Static Public Attributes

tuple ARGUMENTS = set()
 
string NAME = '_file'
 

Detailed Description

FileFormat can operate/iterate on files of a specific format.

Life cycle of FileFormat:
  1. Two ways that FileFormat is created: file_format_root.split creates
     FileFormat from scratch. FileFormatRoot.from_json creates FileFormat
     from serialized json str. Either way, it is associated with a
     FileFormatRoot. It should never be instantiated directly.
  2. Root acts as a coordinator among FileFormats. Root initializes
     its many fields so that FileFormat knows how to iterate over its inputs.
  3. Its next() method is used to iterate.
  4. It keeps iterating until either root calls its to_json() or root
     sends it a StopIteration.

How to define a new format:
  1. Subclass this.
  2. Override NAME and ARGUMENTS. file_format_parser._FileFormatParser
     uses them to validate a format string contains only legal
     names and arguments.
  3. Optionally override preprocess(). See method doc.
  4. Override get_next(). Used by next() to fetch the next content to
     return. See method.
  5. Optionally override split() if this format supports it. See method.
  6. Write unit tests. Tricky logics (to/from_json, advance
     current input file) are shared. Thus as long as you respected
     get_next()'s pre/post conditions, tests are very simple.
  7. Register your format at FORMATS.

Attributes:
  ARGUMENTS: a set of acceptable arguments to this format. Used for parsing
      this format.
  NAME: the name of this format. Used for parsing this format.

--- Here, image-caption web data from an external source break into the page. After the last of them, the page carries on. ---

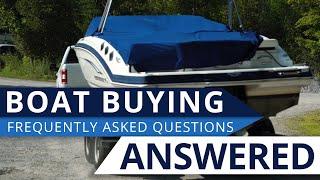 Boat Buying Frequently Asked Questions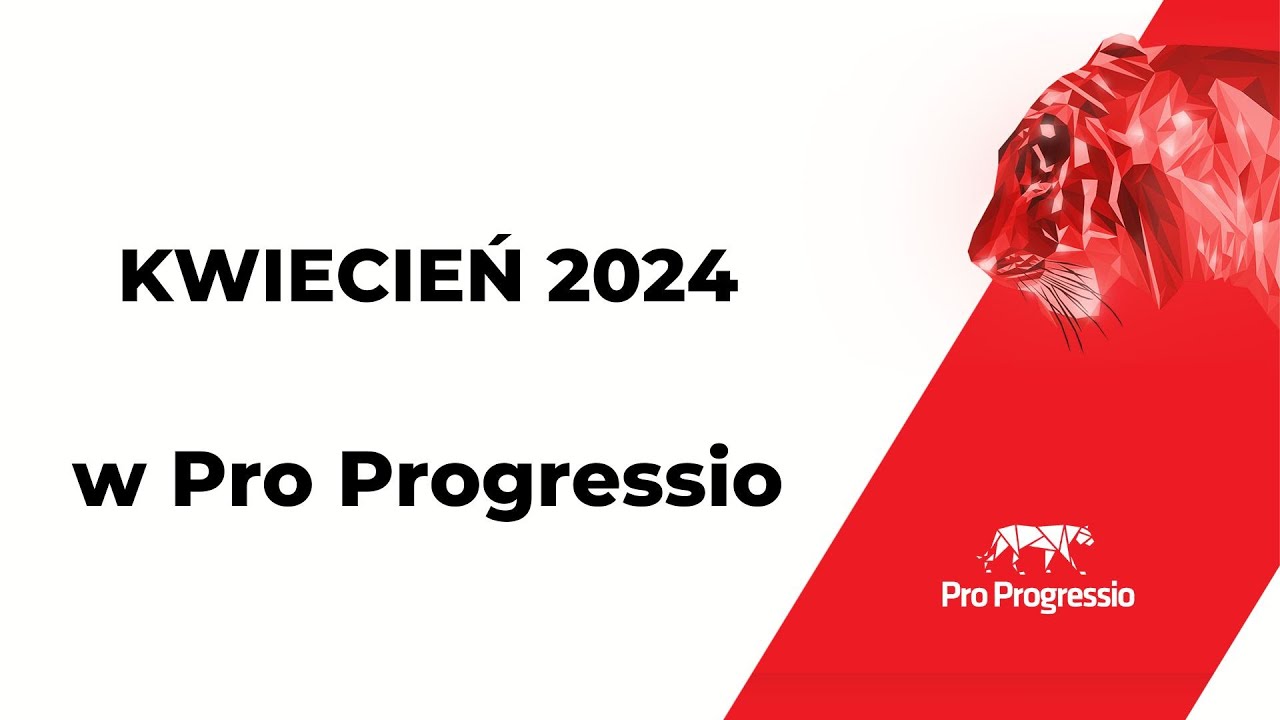 Podsumowanie kwietnia 2024 w Pro Progressio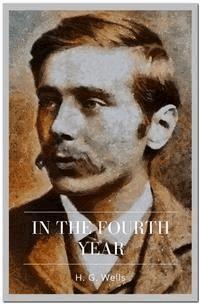In The Fourth Year - H G Wells - E-Book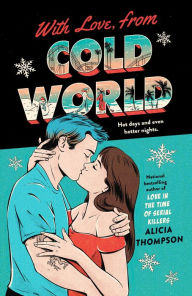 Title: With Love, from Cold World, Author: Alicia Thompson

Constructor & Destructor Documentation

def google.appengine.ext.mapreduce.file_formats.FileFormat.__init__ (   self,
  index,
  index_range = None,
  kwargs 
)
Initialize.

Args:
  index: the index of the subfile to read from the current file.
  index_range: a tuple [start_index, end_index) that if defined, should
bound index. When index is end_index, current file is consumed.
  kwargs: kwargs for a specific FileFormat. What arguments are accepted
and their semantics depend on each subclass's interpretation.

Raises:
  ValueError: if some argument is not expected by the format.

Member Function Documentation

def google.appengine.ext.mapreduce.file_formats.FileFormat.can_split (   cls)
Indicates whether this format support splitting within a file boundary.

Returns:
  True if a FileFormat allows its inputs to be splitted into
different shards.
def google.appengine.ext.mapreduce.file_formats.FileFormat.checkpoint (   self)
Save _index before updating it to support potential rollback.
def google.appengine.ext.mapreduce.file_formats.FileFormat.default_instance (   cls,
  kwargs 
)
Create an default instance of FileFormat.

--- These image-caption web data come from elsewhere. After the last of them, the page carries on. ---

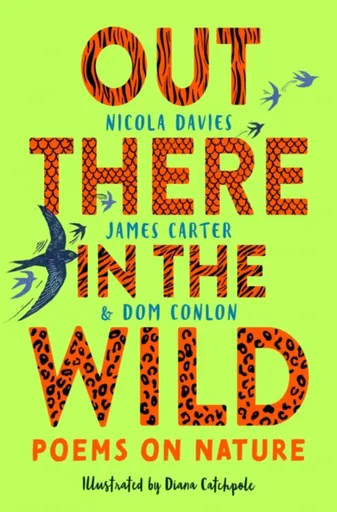Out There in the Wild - Nicola Davies, Dom Conlon, James Carter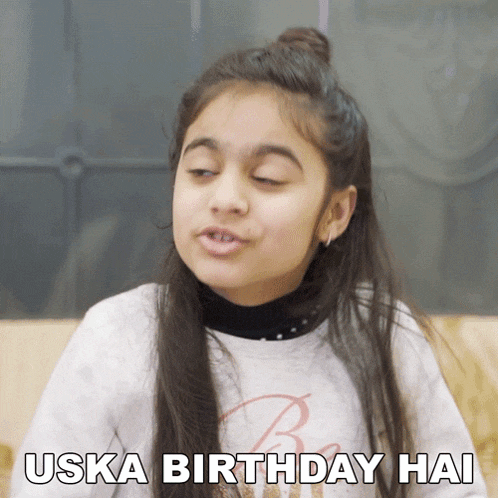 a girl is making a funny face and the words uska birthday hai are above her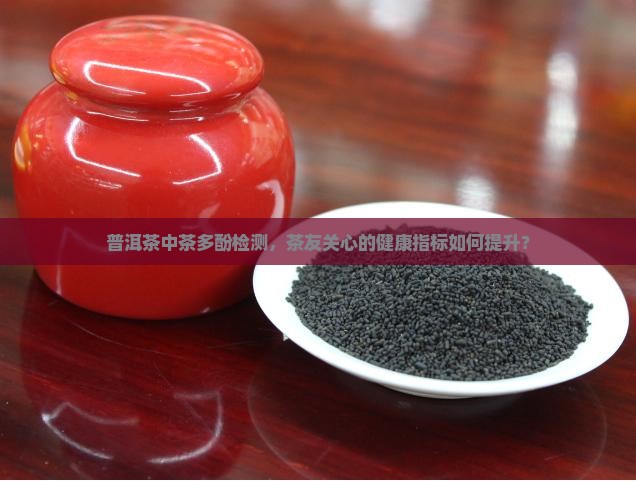 普洱茶中茶多酚检测，茶友关心的健康指标如何提升？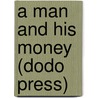 A Man and His Money (Dodo Press) door Frederic S. Isham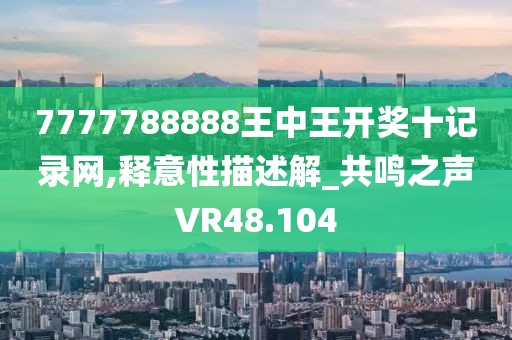 7777788888王中王開(kāi)獎(jiǎng)十記錄網(wǎng),釋意性描述解_共鳴之聲VR48.104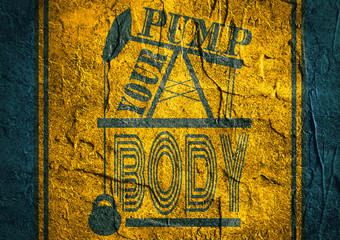 Pump your body. Gym and Fitness Motivation Quote.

Used by parser to create default instances.

Args:
  kwargs: kwargs parser parsed from user input.

Returns:
  A default instance of FileFormat.
def google.appengine.ext.mapreduce.file_formats.FileFormat.from_json (   cls,
  json 
)
Deserialize from json compatible structure.
def google.appengine.ext.mapreduce.file_formats.FileFormat.get_cache (   self)
Get cache to store expensive objects.

Some formats need expensive initialization to even start iteration.
They can store the initialized objects into the cache and try to retrieve
the objects from the cache at later iterations.

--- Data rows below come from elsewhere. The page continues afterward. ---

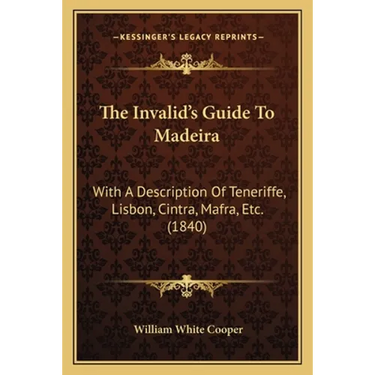 The Invalid's Guide To Madeira: With A Description Of Teneriffe, Lisbon, Cintra, Mafra, Etc. (1840)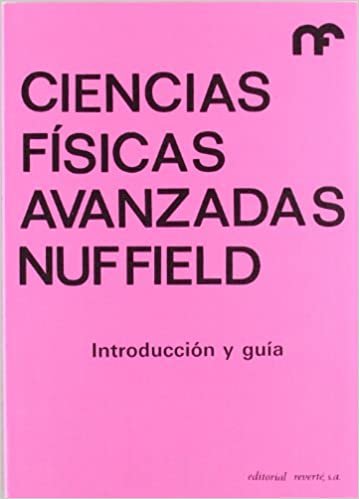 Introducción y guía ciencias físicas avanzadas (Ciencias físicas avanzadas Nuffield, Band 1)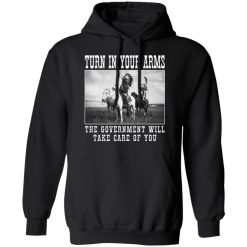 Turn In Your Arms The Government Will Take Care Of You Shirts, Hoodies, Long Sleeve 15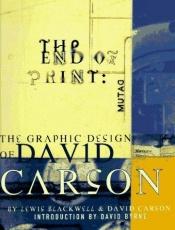 book cover of The End Of Print :The Graphic Design of David Carson by Lewis Blackwell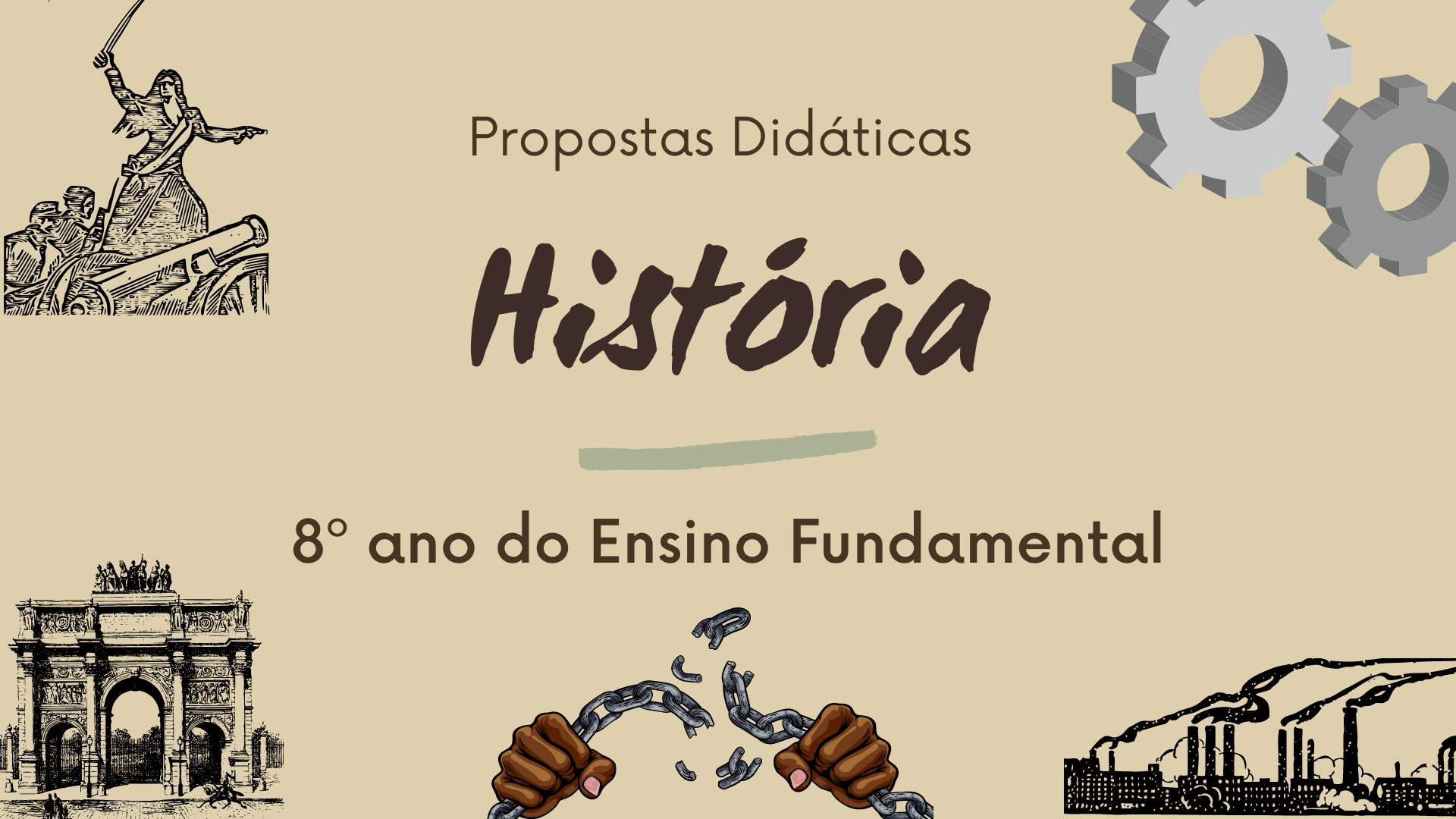 Read more about the article Propostas didáticas – História – 8º ano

For example, a zip format needs to create a ZipFile object to iterate over
the zipfile. It can avoid doing so on every "next" call by storing the
ZipFile into cache.

Cache does not guarantee persistence. It is cleared at pickles.
It is also intentionally cleared after the currently iterated file is
entirely consumed.

Returns:
  A dict to store temporary objects.
def google.appengine.ext.mapreduce.file_formats.FileFormat.get_current_file (   self)
Get the current file to iterate upon.

Returns:
  A Python file object. This file is already seeked to the position from
  last iteration. If read raises EOF, that means the file is exhausted.
def google.appengine.ext.mapreduce.file_formats.FileFormat.get_index (   self)
Get index.

If the format is an archive format, get_index() tells the format which
subfile from current file should it process. This value is maintained
across pickles and resets to 0 when a new file starts.

Returns:
  index of the subfile to process from current file.
def google.appengine.ext.mapreduce.file_formats.FileFormat.get_next (   self)
Finds the next content to return.

Expected steps of any implementation:
  1. Call get_current_file() to get the file to iterate on.
  2. If nothing is read, raise EOFError. Otherwise, process the
 contents read in anyway. _kwargs is guaranteed to be a dict
 containing all arguments and values specified by user.
  3. If the format is an archive format, use get_index() to
 see which subfile to read. Call increment_index() if
 finished current subfile. These two methods will make sure
 the index is maintained during (de)serialization.
  4. Return the processed contents either as a file-like object or
 Python str. NO UNICODE.

Returns:
  The str or file like object if got anything to return.

Raises:
  EOFError if no content is found to return.
def google.appengine.ext.mapreduce.file_formats.FileFormat.increment_index (   self)
Increment index.

Increment index value after finished processing the current subfile from
current file.
def google.appengine.ext.mapreduce.file_formats.FileFormat.next (   self)
Returns a file-like object containing next content.

Returns:
  A file-like object containing next content.

Raises:
  ValueError: if content is of none str type.
def google.appengine.ext.mapreduce.file_formats.FileFormat.preprocess (   self,
  file_object 
)
Does preprocessing on the file-like object and returns another one.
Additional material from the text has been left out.